Años más tarde, he tenido la suerte de verla sobre los escenarios en varias ocasiones. Y hallé la respuesta a mis preguntas. No es que Antonia sea buena. Es que es una pedazo de actriz como la copa de un pino, uno de los fenómenos más potentes que estos ojos han tenido la oportunidad de ver sobre las tablas. Antonia ríe y llora como y cuando le da la gana. Como una diva, como una subnormal, como una mujer de pueblo, como una pija de Serrano, como una lesbiana prepotente. Es cómica hasta el delirio, conmovedoramente tierna, desgarradamente patética.

Y si no bastara con este talento avasallador, Antonia es además una curranta. Una tía a la que no se le caen los anillos por trabajar, un día con un caché de estrella, otro día a expensas de lo que diga la taquilla.
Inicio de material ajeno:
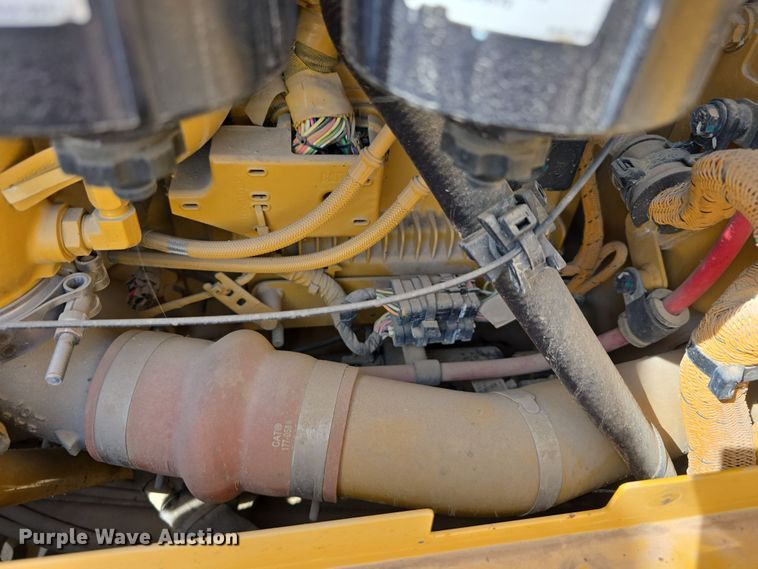 image for item DW3231 2018 Caterpillar 12M3 AWD motor grader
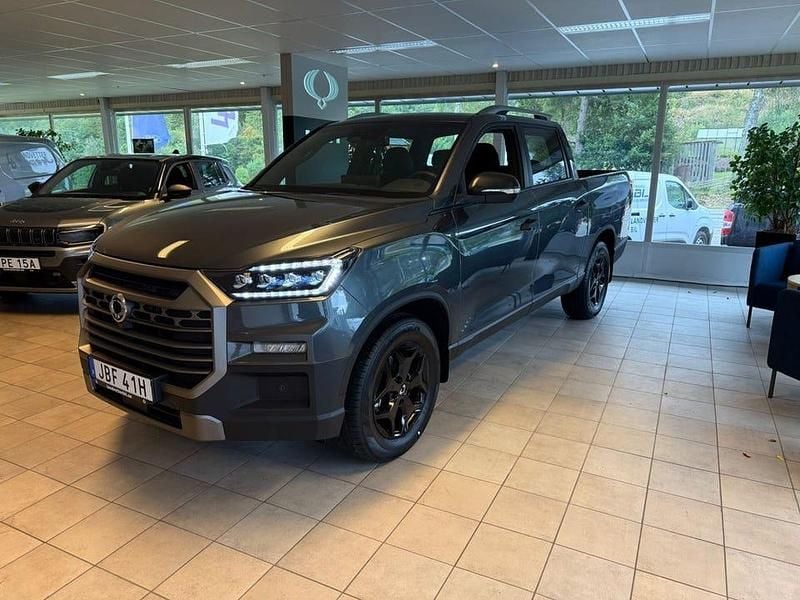 Begagnad Ssangyong (KGM) Musso 203 HK (149 kW) 2024 Marble grey Pickup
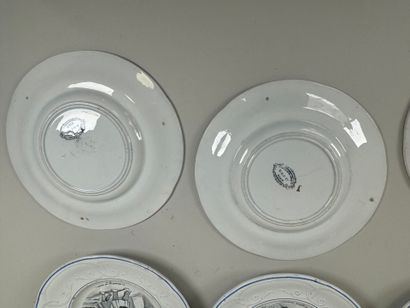 GIEN.
Set of sixteen fine earthenware plates...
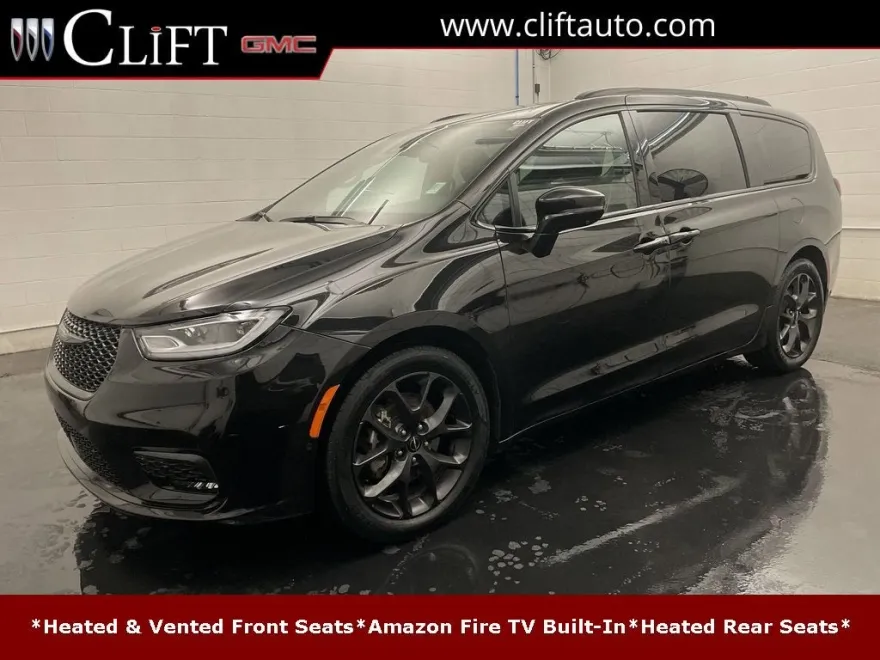 2022 Chrysler Pacifica Limited photo 1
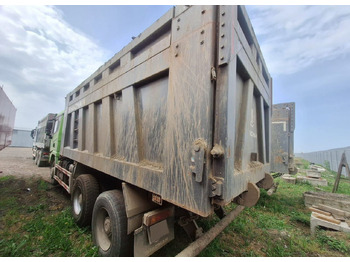 Самосвал Shacman X3000: фото 3 Самосвал Shacman X3000: фото 3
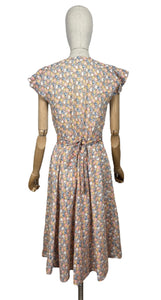 Original 1940’s Fine Cotton Floral Day Dress in Brown, Pink, Blue and White - Bust 36 *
Se yergue por encima de sus dolores y monta una productora propia desde abajo, para hacer lo que le gusta, rechazando las propuestas basura de la televisión o los personajes de puta y de travesti con que se empeñan en encasillarla en el cine.

Y es que por encima de su rencor, de su bondad, del psicoanálisis, y de otras tantas cosas, Antonia es una artista. Artista porque tiene el valor de comprometerse con su genialidad y no prostituirse. Artista porque sigue persiguiendo sus sueños.